There's no deadline for the China Cord Blood buyout offer, and it's unclear what the outcome will be; the company didn't respond to email seeking comment. But minority investors have scored notable successes this year: In one case, Chinese investment firm Vast Profit Holdings raised by 34 percent a March buyout offer that initially valued dating service Jianyuan.com at $178.9 million after pressure from U.S. asset manager Heng Ren Investments and others.
The increasingly active culture of complaints may also leave a mark on future buyouts. Late last week, e-commerce giant Alibaba Group Holding Ltd. raised a bid to take video streaming service Youku Tudou Inc. private by almost 3 percent to $27.60 per share, just three weeks after it was announced.
"Listed issuers, before they consider whether to go private or be listed elsewhere, they must remember that at the end of the day, they have sought public funds. That means they must realize that minority shareholders should have a role to play in the business of the company," said Michael Cheng, a consultant solicitor at law firm Andrew W Y Ng & Co and former research director at the Asian Corporate Governance Association in Hong Kong.
While Chinese companies may face a reckoning on home soil as the economy that accounts for much of their business slows to its weakest growth in 20 years, the tension over the going-private deals adds to general international shareholder unease over accounting and corporate governance in China.
"Investors will shun Chinese IPOs [in the United States] in the future.

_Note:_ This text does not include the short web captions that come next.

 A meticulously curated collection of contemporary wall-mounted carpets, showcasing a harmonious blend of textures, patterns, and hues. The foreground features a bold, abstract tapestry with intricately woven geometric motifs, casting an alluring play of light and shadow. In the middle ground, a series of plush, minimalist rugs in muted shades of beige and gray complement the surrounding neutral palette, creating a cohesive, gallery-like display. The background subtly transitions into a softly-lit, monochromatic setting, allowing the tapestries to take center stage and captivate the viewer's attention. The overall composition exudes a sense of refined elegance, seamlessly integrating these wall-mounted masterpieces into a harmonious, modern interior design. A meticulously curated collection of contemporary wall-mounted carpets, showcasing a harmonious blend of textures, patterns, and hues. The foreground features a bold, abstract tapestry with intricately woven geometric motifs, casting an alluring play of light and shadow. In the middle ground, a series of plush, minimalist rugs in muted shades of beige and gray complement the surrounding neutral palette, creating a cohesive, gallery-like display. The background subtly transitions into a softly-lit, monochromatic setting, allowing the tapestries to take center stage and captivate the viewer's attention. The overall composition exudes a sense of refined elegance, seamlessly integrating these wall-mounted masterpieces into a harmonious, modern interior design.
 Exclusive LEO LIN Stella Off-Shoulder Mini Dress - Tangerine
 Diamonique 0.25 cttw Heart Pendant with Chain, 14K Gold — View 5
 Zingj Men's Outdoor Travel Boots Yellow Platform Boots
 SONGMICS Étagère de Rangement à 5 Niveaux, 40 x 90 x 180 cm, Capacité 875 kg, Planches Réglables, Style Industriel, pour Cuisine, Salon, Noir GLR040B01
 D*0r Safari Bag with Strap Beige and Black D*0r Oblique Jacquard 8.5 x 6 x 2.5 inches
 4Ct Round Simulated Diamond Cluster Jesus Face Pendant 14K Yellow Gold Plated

It just reinforces the negative perception," said John Romero, a Birmingham, Alabama, hedge fund manager who has told the board of Renren Inc. the buyout offer for the social networking company undervalues it by 60 percent.
Renren didn't respond to email seeking comment on the matter.
Law firms such as Levi & Korsinsky LLP have started running their own checks on the fairness of buyout offers for Chinese companies including SORL Auto Parts Inc., China Ming Yang Wind Power Group Ltd. and chat app maker Momo Inc. -- the latter listed as recently as December 2014.
Meanwhile, a group of minority investors in E-Commerce China Dangdang Inc. is threatening to sue mainland investors who are proposing a buyout offer valuing the online retailer at $632 million. The group says an offer made in July was over-opportunistic because it came after a 43 percent slide in the stock price over the previous two weeks.
Dangdang didn't respond to email seeking comment on the matter.
"At this point, no material damage has been done," said Kevin Lu, a San Francisco Bay Area investor in Dangdang who said he speaks on behalf of 120 shareholders including hedge funds and individual investors.
"If a deal is finalized at the current proposal, it's a no-brainer - the buyer group will be sued."